U_eff = (500 × 1.0) + (100 × 3.5) + (2000 × 0.2) + (20 × 7.0)
U_eff = 500 + 350 + 400 + 140
U_eff = 1,390
Naive headcount: 500 agents — what most architects would use.
U_eff: 1,390 — what the network actually carries.
Gap: 178% undercount if raw headcount is used.
Common error
Using 500 instead of 1,390 in the IS formula produces IS = 3.2 instead of IS = 8.9. This is the difference between "manageable, needs QoS" and "project will fail." Always calculate U_eff.
Contribution breakdown¶
| Entity | Raw count | Load units | Share |
|---|---|---|---|
| Human agents | 500 | 500 | 36% |
| AI bots | 100 | 350 | 25% |
| IoT sensors | 2,000 | 400 | 29% |
| GPU pods | 20 | 140 | 10% |
| Total | 2,620 | 1,390 | 100% |
In this example, non-human entities (bots + IoT + pods) account for 64% of network load but only 40% of physical unit count.
Reference benchmarks¶
Use these to sanity-check your U_eff calculation.
| Enterprise type | H | AI | IoT | Pod | U_eff | Scale |
|---|---|---|---|---|---|---|
| Small CC — 100 seats | 100 | 20 | 200 | 4 | 237 | Small |
| Mid CC — 500 seats | 500 | 100 | 2,000 | 20 | 1,390 | Medium |
| Large bank — 1,200 agents | 1,200 | 300 | 8,000 | 48 | 4,296 | Large |
| Hospital network | 2,000 | 50 | 25,000 | 30 | 7,385 | XL |
| Manufacturing plant (AI vision) | 300 | 80 | 15,000 | 40 | 3,658 | Large |
Planning for growth¶
When sizing infrastructure, calculate U_eff at your planned maximum deployment, not today's numbers. AI rollouts typically expand from pilot (50 agents) to full (500 agents) within 12–18 months. Network upgrades require 90–180 days to procure and deploy.

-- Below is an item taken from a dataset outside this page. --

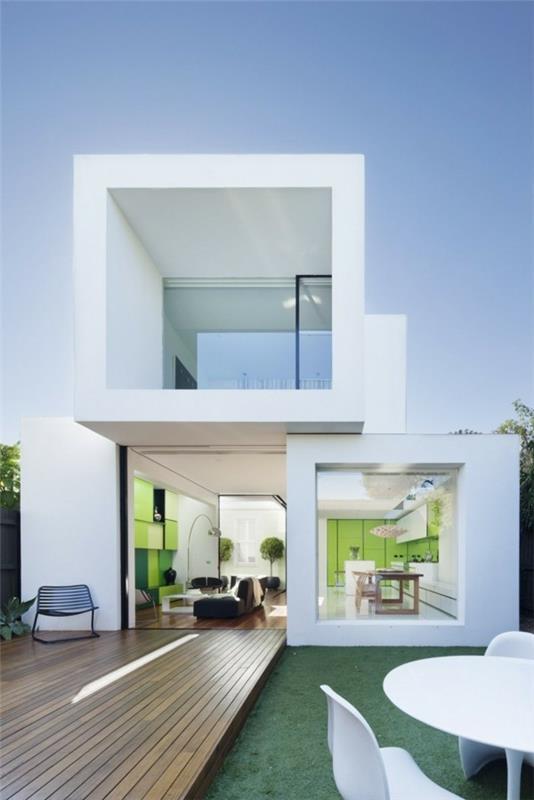 אדריכלות מודרנית בלוקים מרובעים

Growth projection formula:
Provision bandwidth for U_eff_target, not U_eff_current. The incremental cost of provisioning for future growth at time of upgrade is minimal compared to re-upgrading 18 months later.
Redundancy consideration¶
In an active-active dual-site design, each site must be able to carry 100% of U_eff in failover scenarios, not 50%. Size bandwidth at each site for full U_eff, with the understanding that during normal operations each site carries approximately half. This is the standard enterprise resilience model for AI workloads.